▶ **Problem to solve**
Reproduce the records word for word, leaving out any pictures they hold.
####################
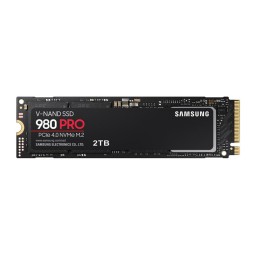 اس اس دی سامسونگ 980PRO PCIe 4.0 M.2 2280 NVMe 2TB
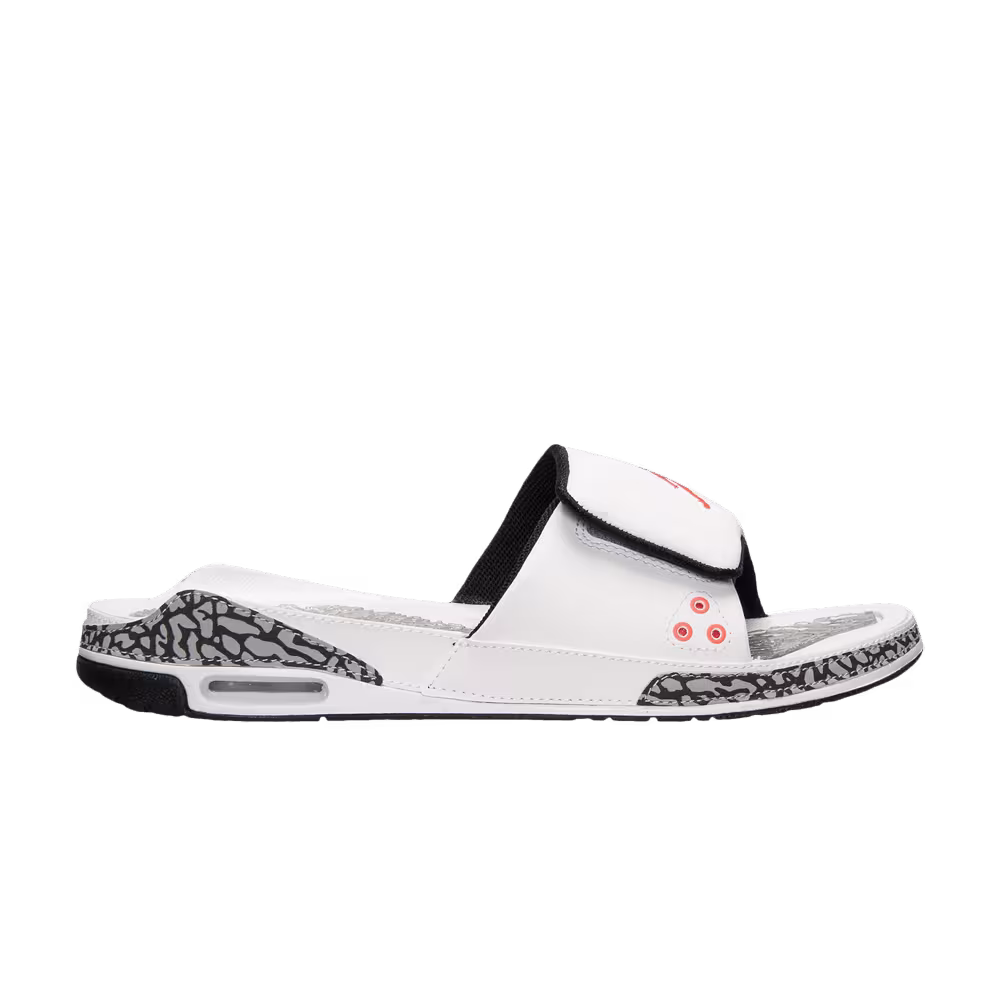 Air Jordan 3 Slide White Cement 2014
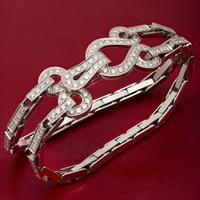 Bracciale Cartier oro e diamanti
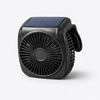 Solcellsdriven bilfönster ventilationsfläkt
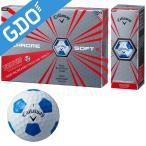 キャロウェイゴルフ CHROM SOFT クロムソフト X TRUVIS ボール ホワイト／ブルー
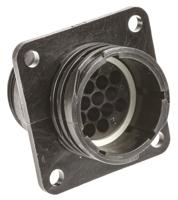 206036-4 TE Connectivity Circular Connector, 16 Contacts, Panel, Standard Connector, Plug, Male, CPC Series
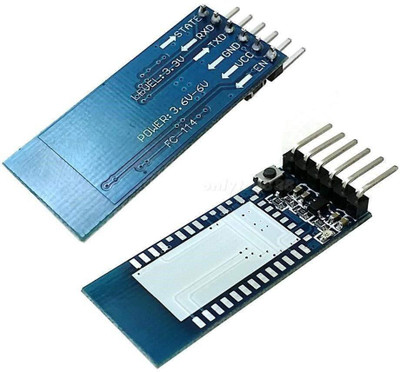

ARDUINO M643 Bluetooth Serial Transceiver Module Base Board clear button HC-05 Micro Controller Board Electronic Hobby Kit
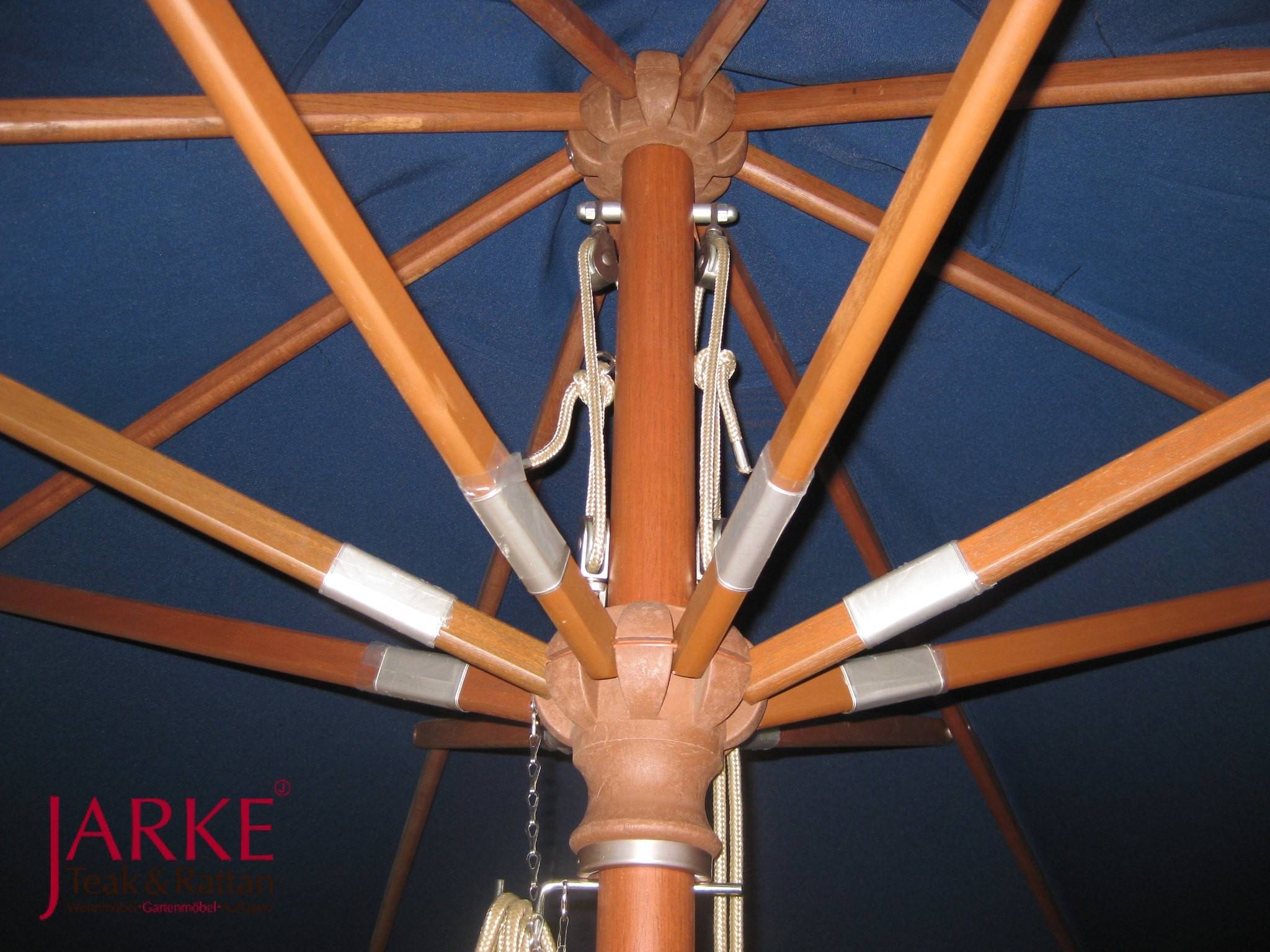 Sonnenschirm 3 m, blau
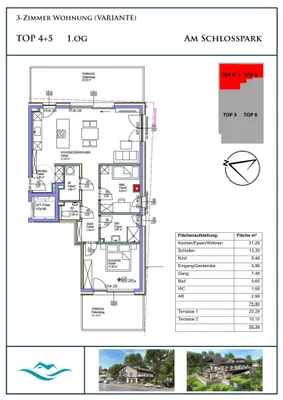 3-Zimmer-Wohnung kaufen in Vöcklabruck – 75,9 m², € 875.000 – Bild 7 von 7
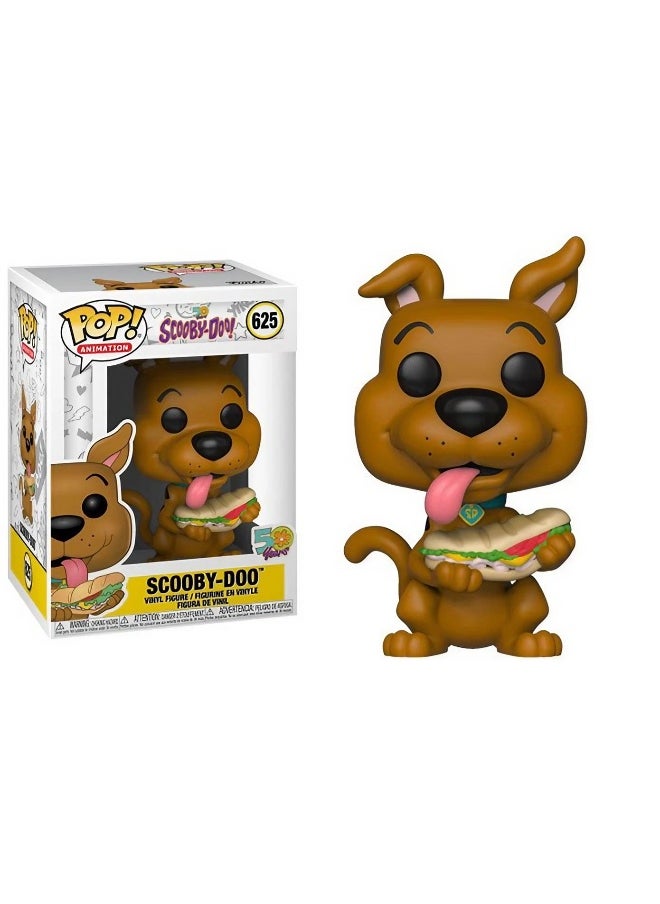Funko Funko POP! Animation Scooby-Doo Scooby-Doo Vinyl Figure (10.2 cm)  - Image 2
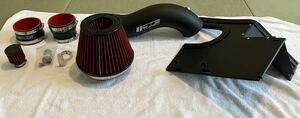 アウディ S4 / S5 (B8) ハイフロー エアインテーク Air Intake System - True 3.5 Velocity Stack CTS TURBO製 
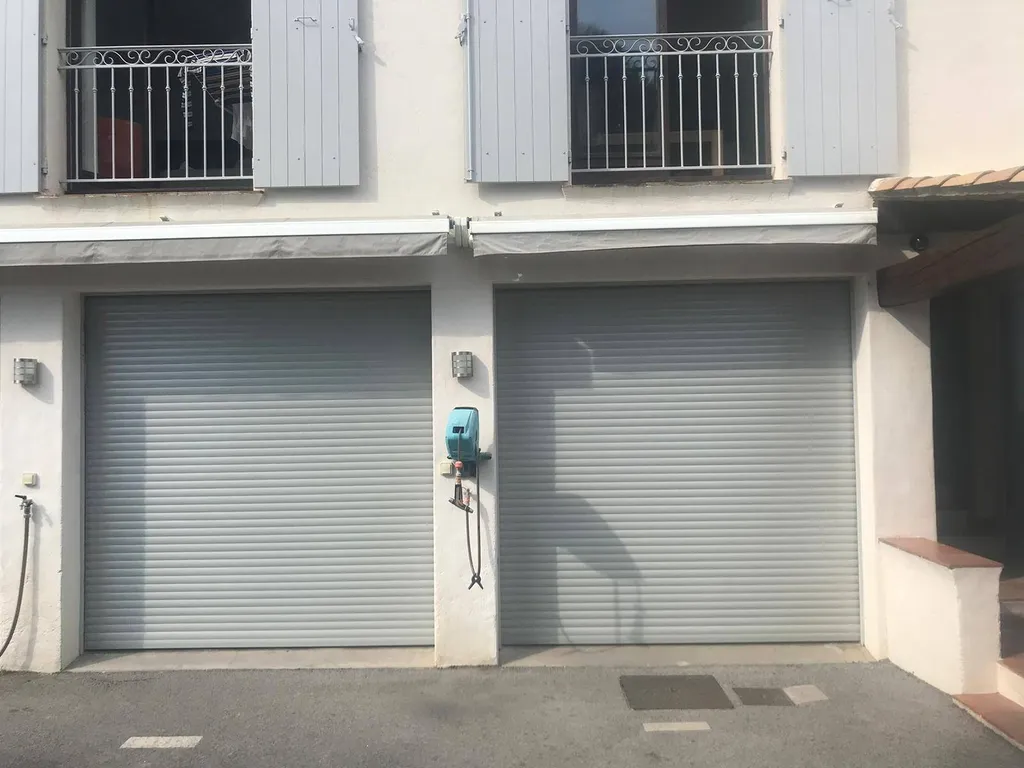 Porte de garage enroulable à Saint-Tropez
####################
▶ **The completed task**
 اس اس دی سامسونگ 980PRO PCIe 4.0 M.2 2280 NVMe 2TB
 Air Jordan 3 Slide White Cement 2014
 Bracciale Cartier oro e diamanti
 Solcellsdriven bilfönster ventilationsfläkt
 キャロウェイゴルフ CHROM SOFT クロムソフト X TRUVIS ボール ホワイト／ブルー
 206036-4 TE Connectivity Circular Connector, 16 Contacts, Panel, Standard Connector, Plug, Male, CPC Series

ARDUINO M643 Bluetooth Serial Transceiver Module Base Board clear button HC-05 Micro Controller Board Electronic Hobby Kit
 Sonnenschirm 3 m, blau
 3-Zimmer-Wohnung kaufen in Vöcklabruck – 75,9 m², € 875.000 – Bild 7 von 7
Funko Funko POP! Animation Scooby-Doo Scooby-Doo Vinyl Figure (10.2 cm)  - Image 2
 アウディ S4 / S5 (B8) ハイフロー エアインテーク Air Intake System - True 3.5 Velocity Stack CTS TURBO製 
 Porte de garage enroulable à Saint-Tropez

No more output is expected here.